I got 20 RNA-Seq samples from one tissue / different animals / same species. I mapped these to the genome one by one using tophat, then run cufflinks and cuffmerge.
My feeling is that some transcripts expressed at very low level are discarded by cufflinks, and subsequent merging can not rescue them. Hence my questions:
- can I do any better than this?
- apart from merging 20 individual BAM files into one giant one, what are the options?
- any experience with cufflinks alternatives which may be better from genome annotation point of view?
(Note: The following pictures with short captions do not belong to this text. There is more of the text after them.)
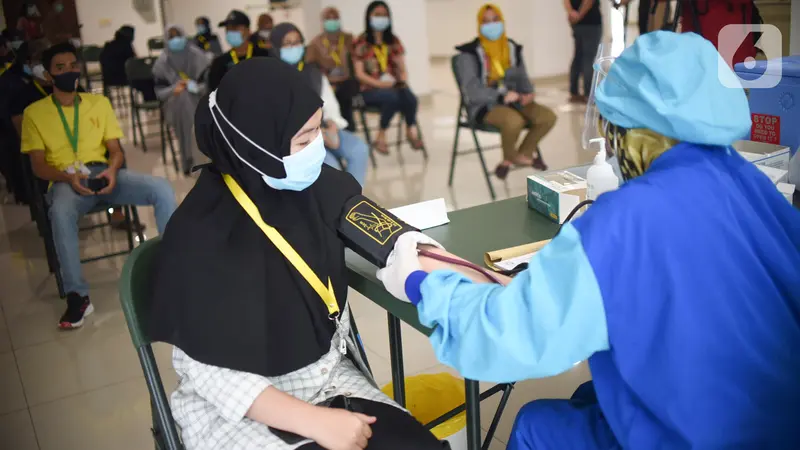 Ribuan Tenaga Kesehatan Jalani Vaksinasi di Rumah Sakit Darurat Covid-19 Wisma Atlet Kemayoran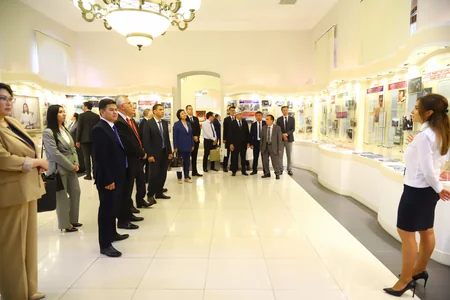 Baş prokuror beynəlxalq konfrans iştirakçıları ilə görüşüb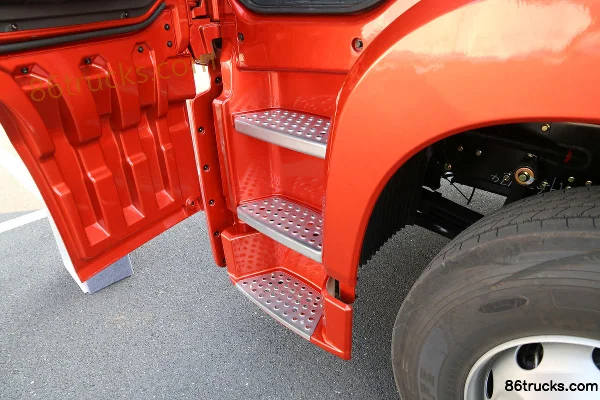 FAW Jiefang Qingdao JH6 Heavy Truck 6X4(10 wheels) Sleeper Cab Pure Electric Tractor Truck 423 kWh (3) | 86Trucks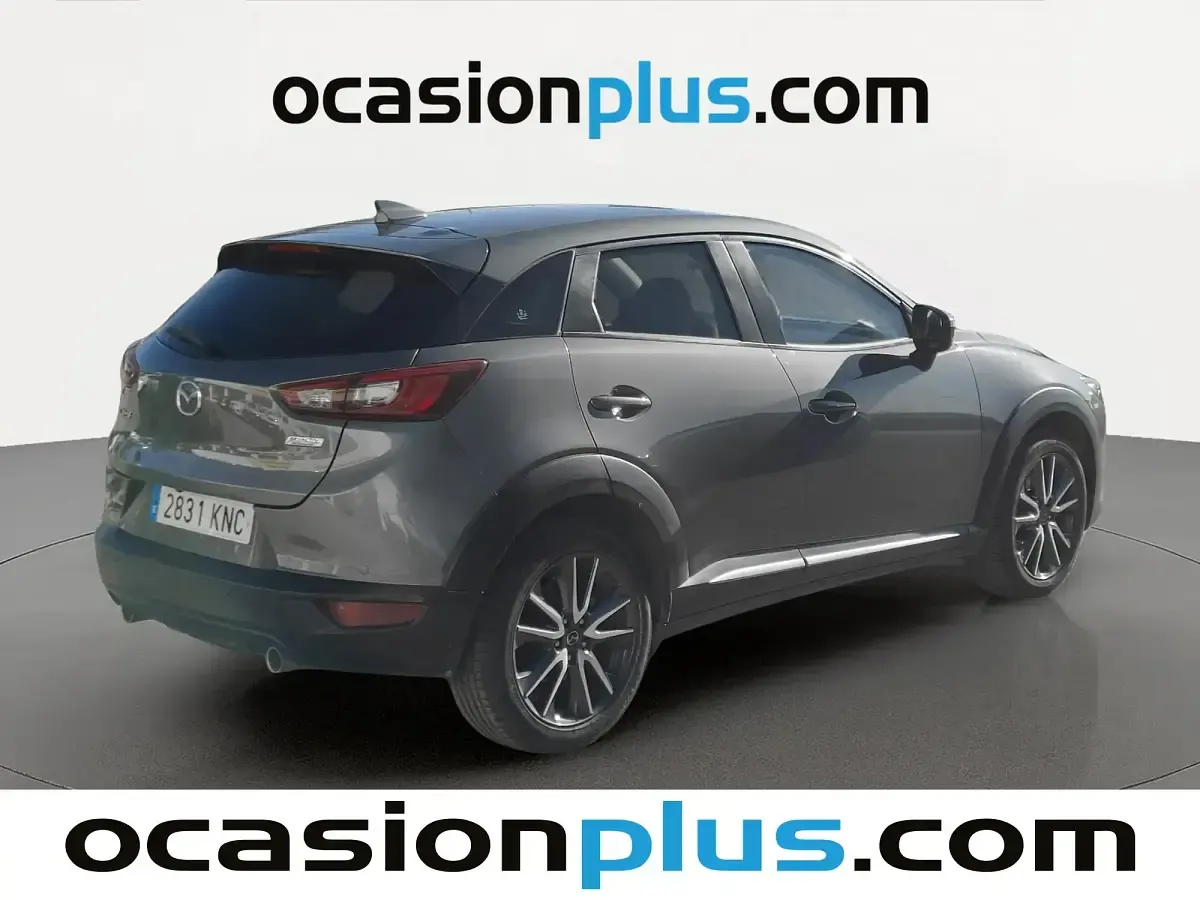Usado Mazda CX-3 Luxury 120 CV (88 kW) 2018 Gris SUV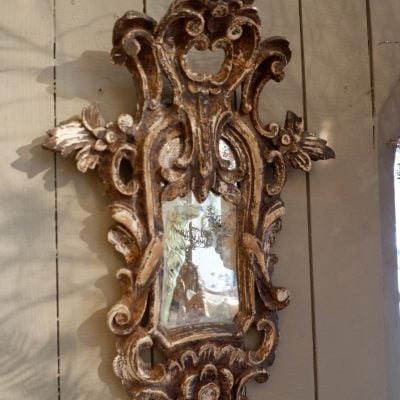 PAIRE DE MIROIRS LOUIS XV EN APPLIQUES BOIS SCULPTE PATINE BRONZE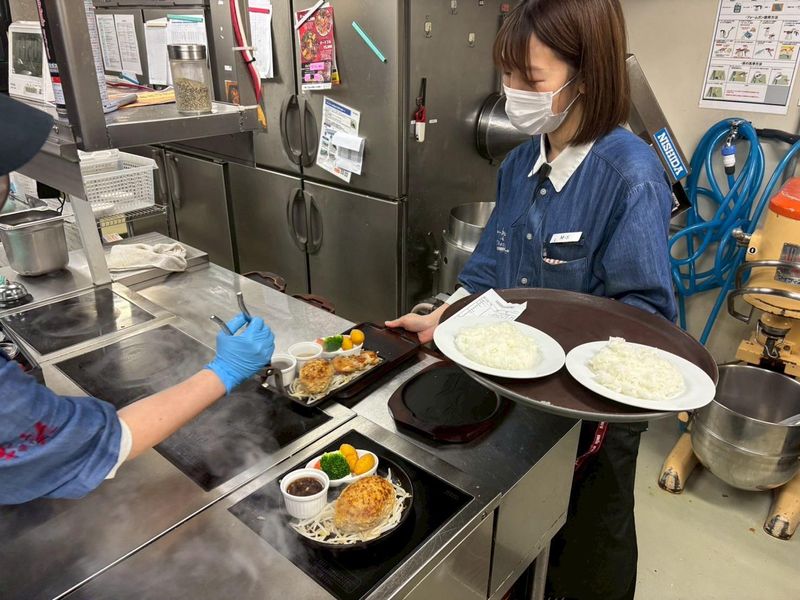 ぎゅう丸　ゆめタウン博多店のアルバイト・バイト求人情報-05
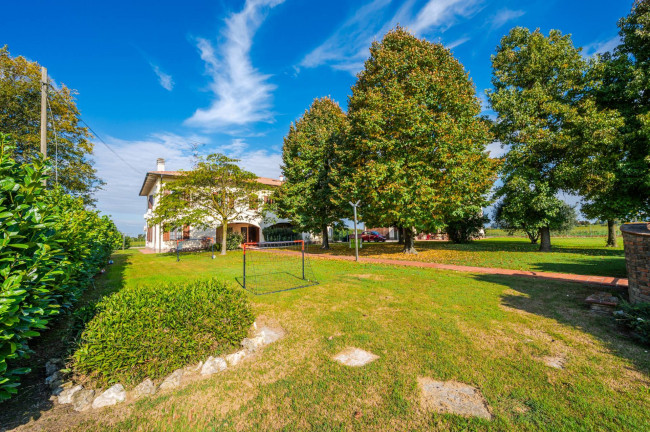 Villa in vendita a San Pietro In Casale (BO)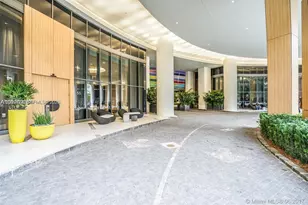55 SW 9th St, Miami, FL 33130 - Photo 1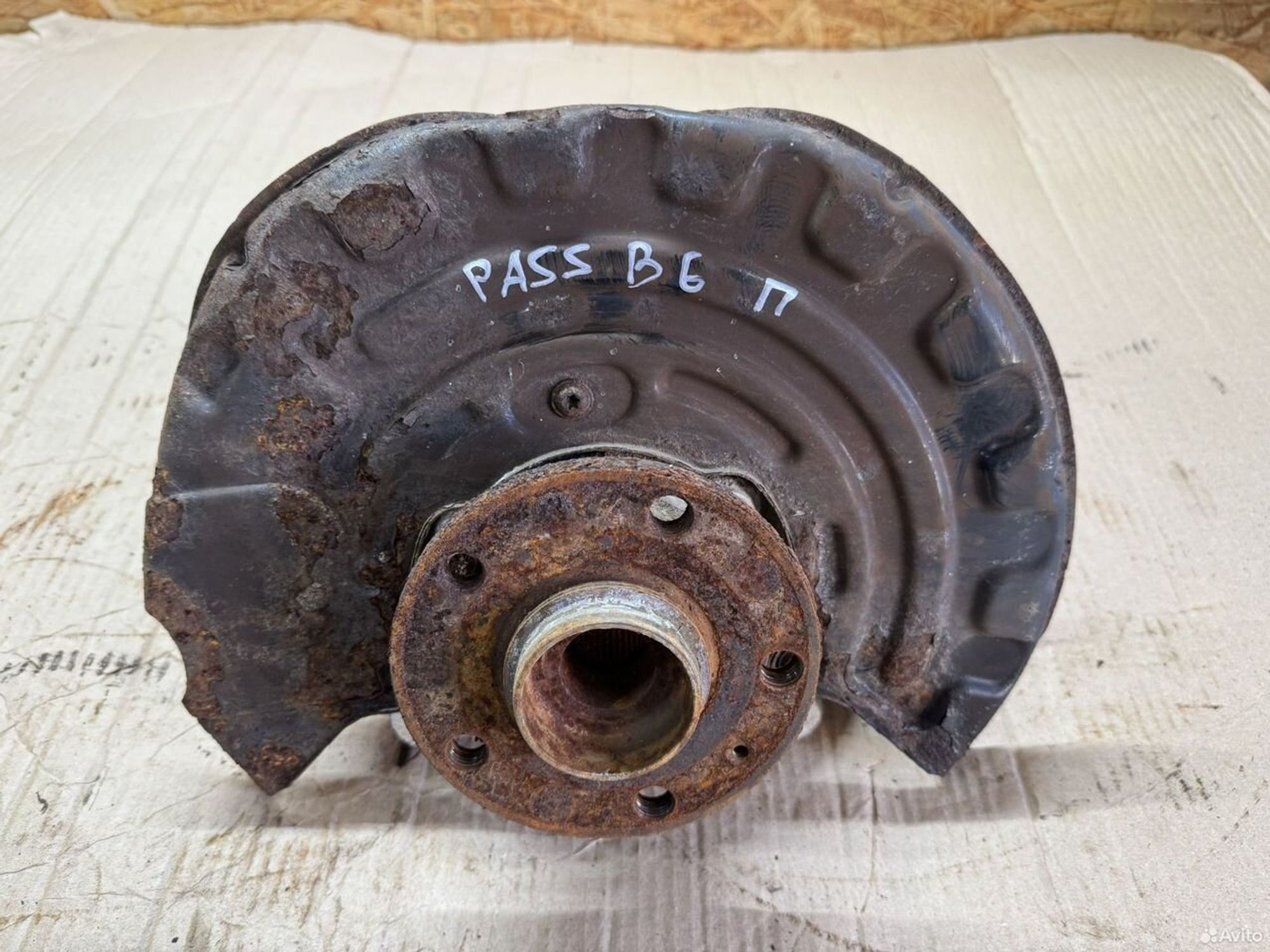 Кулак поворотный правый Passat b6, 3000 рублей, Семиозерка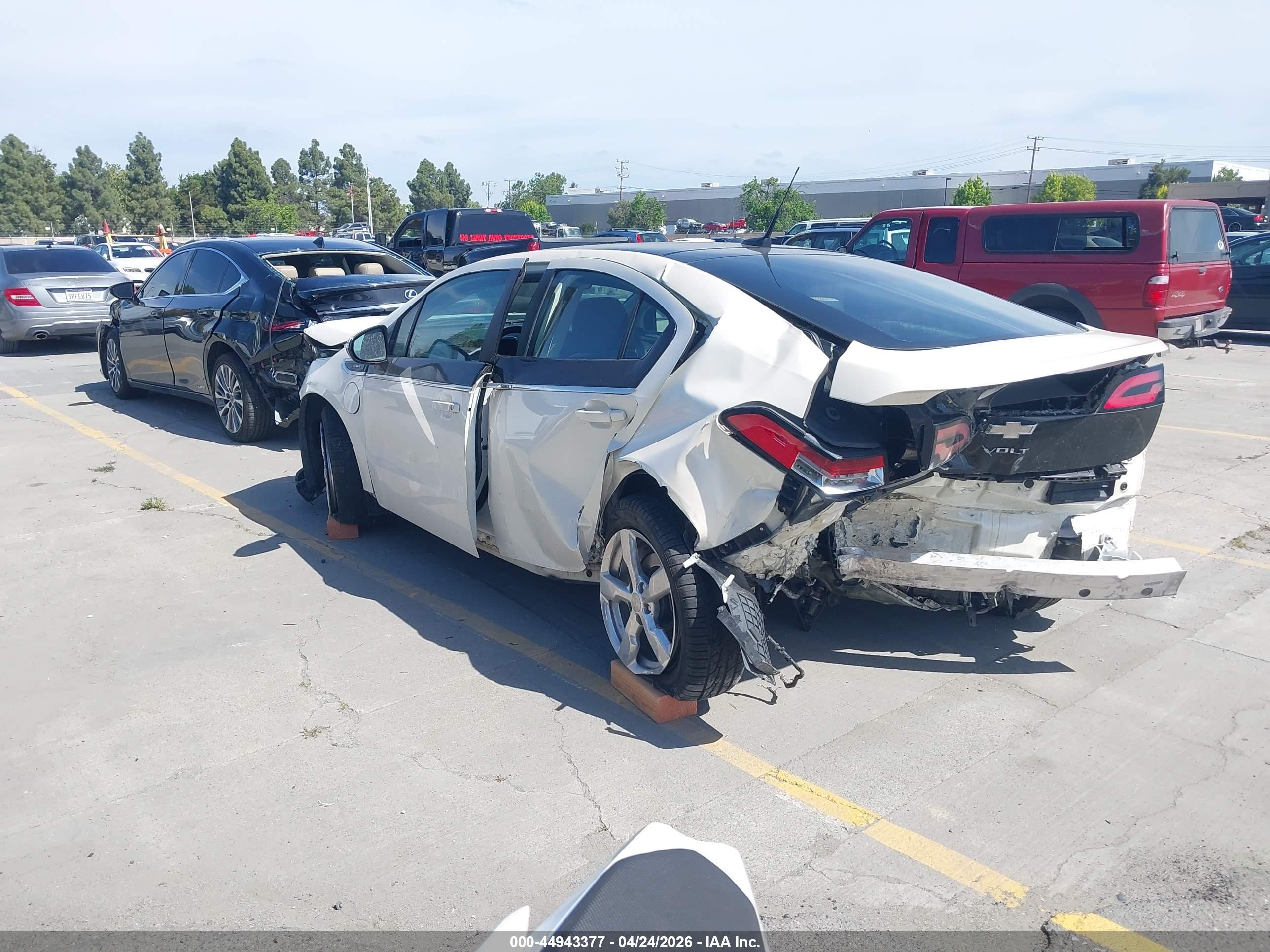 CHEVROLET VOLT image 3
Thanks a lot for your help
re: multiple fastq solution: this depends how tophat does the mapping. If mapping reads in spliced mode depends dramatically on positions of already mapped reads, then sure, combining all FASTQ in one go is better than merging BAMs. On the other hand if 2x 96bp RNA-Seq mapping by tophat is not reliable without prior coverage of exons by unspliced reads / entries in GTF file then one should check other mappers.
re .gtf: Yes, I got ENSEMBL annotation which I used for mapping. Here is the relevant part:
--min-intron-length 21 --max-intron-length 200000 --segment-mismatches 1 --butterfly-search --GTF my_ensembl.gtf
re another approaches:
I also used our in house pipeline based on GEM for mapping. I will try Trinity, possibly also Trans-Abyss.